Eva Julia Augusta Ramstedt (15 September 1879 – 11 September 1974) was a Swedish physicist who specialized in radiology and studied under Nobel laureate Marie Curie. She was heavily involved in women's rights in academia and was among the founding members of an association for female academics now known as Kvinnliga Akademikers Förening. Due in part to the association's efforts, several legal changes were enacted that nudged Swedish female academics closer to having the same rights as their male colleagues, including a change to the Basic Laws of Sweden in 1909 and universal suffrage in 1921.

Education 

Ramstedt was  born in 1879, in Stockholm, Sweden to a family with notable socioeconomic capital due to her father, Johan Ramstedt's, work as a politician. She attended Uppsala University as an undergraduate and graduate student, and finished her doctorate on the properties of expanding liquids at Uppsala University in 1910. After earning her doctorate, Ramstedt studied under Marie Curie at Sorbonne University in Paris.

Career 

In 1903, Ramstedt returned to Sweden and began working at the Nobel Institute of Physical Chemistry.

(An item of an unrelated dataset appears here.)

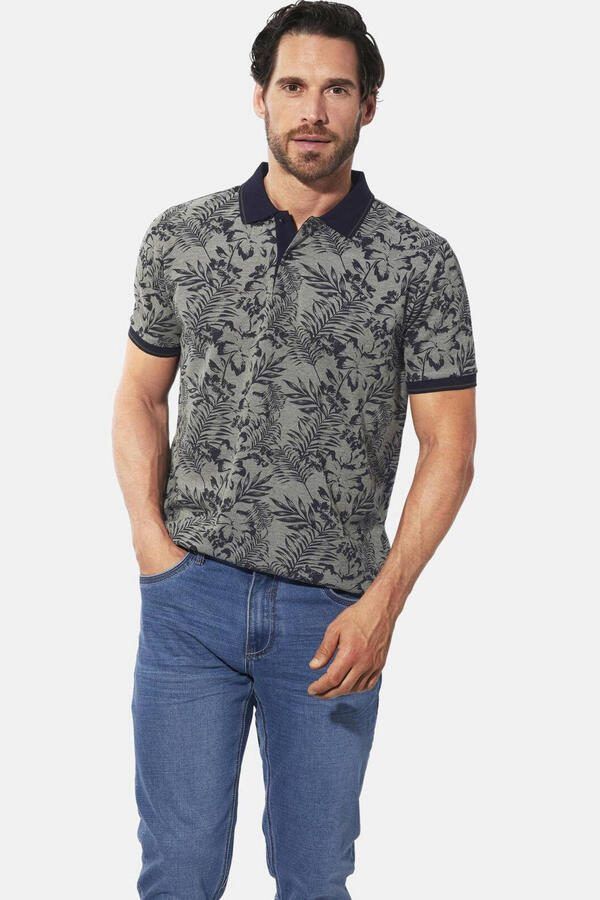 Babista polo Plus Size +FIT Collectie olijfgroen - Foto 2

She was appointed to a radiology position at Stockholms högskola (Stockholm University College) in 1915 and continued there until 1932. However, as a woman she was not considered for a permanent professorship and taught classes there only briefly. Instead, she also took a position as a teacher of mathematics and physics at the Stockholm Folkskoleseminariet, a normal school (teacher training college), from 1919 to 1945.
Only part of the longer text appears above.